The primary controller of QS, which in turn controls a number of S. aureus virulence factors, is the Agr system [66]. The AgrA protein is a component of the Agr system that, upon stimulation, binds to P2 or P3 promoters, upregulating a number of virulence factors with significant effects on pathogenicity [67]. Researchers’ primary focus was therefore on decreasing S. aureus pathogenicity rather than its survival [68,69,70]. Competing for S. aureus pathogenicity by blocking Agr QS occurred by interfering with AIP binding to AgrC from the extracellular space, such as with AIP analogs and several natural compounds, including fengycins. The other way is to penetrate the cytoplasm and inhibit the response regulator AgrA protein, such as with savirin or apicidin [65]. Pyocyanin demonstrated its anti-Agr QS action, according to Kamer et al. [49], by reducing Agr-dependent phenotypes such as spreading motility, hemolytic activity, proteolytic activity, and the downregulation of the agrA gene transcription. The in-silico investigation also showed that pyocyanin bound to the AgrA protein at a crucial position, which was necessary for appropriate folding, DNA binding, and the exertion of its QS regulatory action [71]. Pyocyanin’s strong anti-QS activity was highlighted by the number of amino acid residues involved in its binding to AgrA protein, which was greater than the number of amino acid residues involved in previously published Agr-mediated QS inhibitors like salicylic acid, Azan-7, and staquorsin [67, 72, 73].

Pyocyanin as an anticancer agent

The ability of pyocyanin to influence many cancer types has been discussed in numerous studies. Hassani et al. [74] reported that pyocyanin, which was produced by mutant strain S300-8, revealed a powerful efficiency against the growth of a rhabdomyosarcoma cancer cell line, whereas the cytotoxicity was improved by increasing the concentration of pigment with a period of exposure time.

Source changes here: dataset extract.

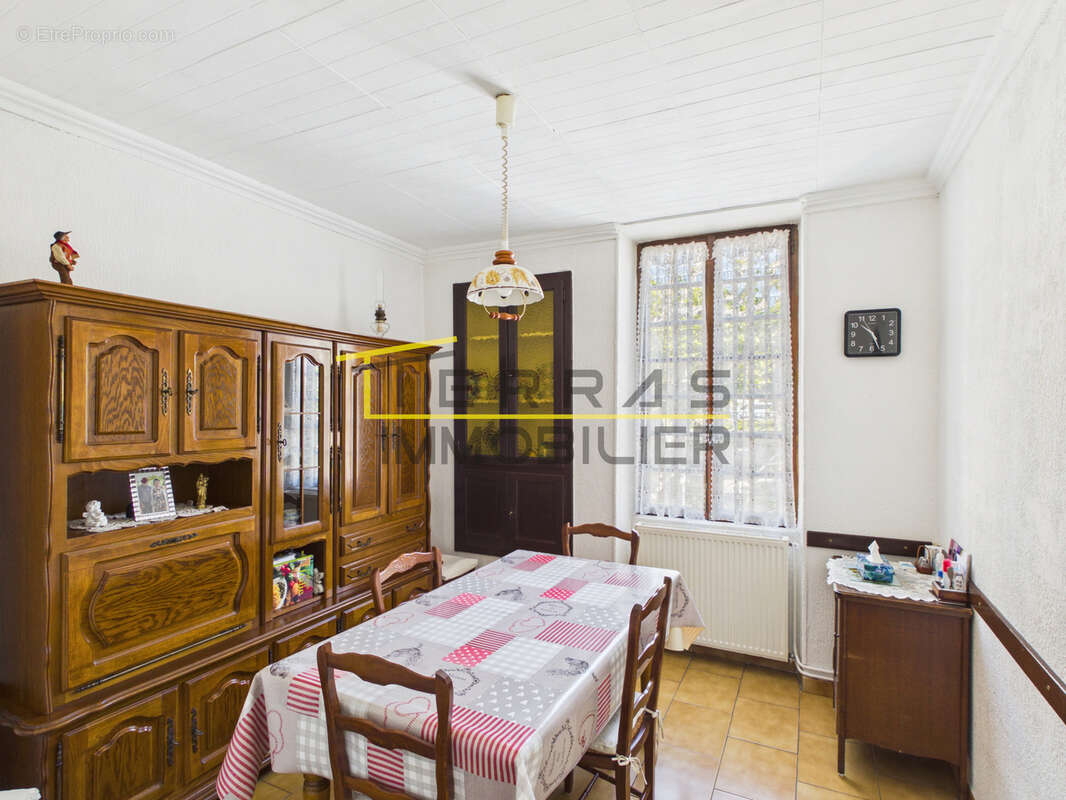 Appartement à VALREAS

According to Zhao et al. pyocyanin could affect hepatocellular carcinoma HepG2 cells, which was mediated by acute ROS production and subsequent oxidative stress, DNA damage, and activation of caspase-3, as well as accelerating cell senescence and apoptosis [41]. Additionally, it has been shown that cancer cells can be prevented from growing by using the biological features of the pyocyanin pigment, such as cell permeability induction, DNA intercalation, and topoisomerase inhibition [75]. In the study conducted by Moayedi et al. pyocyanin could also induce dose-dependent apoptosis and necrosis in human pancreatic cancer Panc-1 cells after 24 h [76]. Sengupta and Bhowal [77] determined that the pyocyanin pigment showed cytotoxic activity against human osteosarcoma cells MG-63 on day 1 after exposure to pyocyanin, which was recorded to be 85.57% and gradually decreased to 11.01% at the end of day 5. The study established by Abdelaziz et al. reported that pyocyanin was cytotoxic against human breast adenocarcinoma MCF-7, with an IC50 equal to 15 µg/ml, by inducing apoptosis and necrosis, while the cells of MCF-7, after pyocyanin treatment, became shrunken in size, round, and disconnected from the monolayer surface of the wells [24]. The anti-proliferative action of pyocyanin pigment on human melanoma cells (SK-MEL-30) and human colon cancer cells (HT-29) was reported by Koyun et al., and it increased with increasing pyocyanin concentration. In addition, the IC50 values of the pyocyanin pigment for SKMEL-30 and HT-29 were 72 µM, and 179 µM, respectively [38].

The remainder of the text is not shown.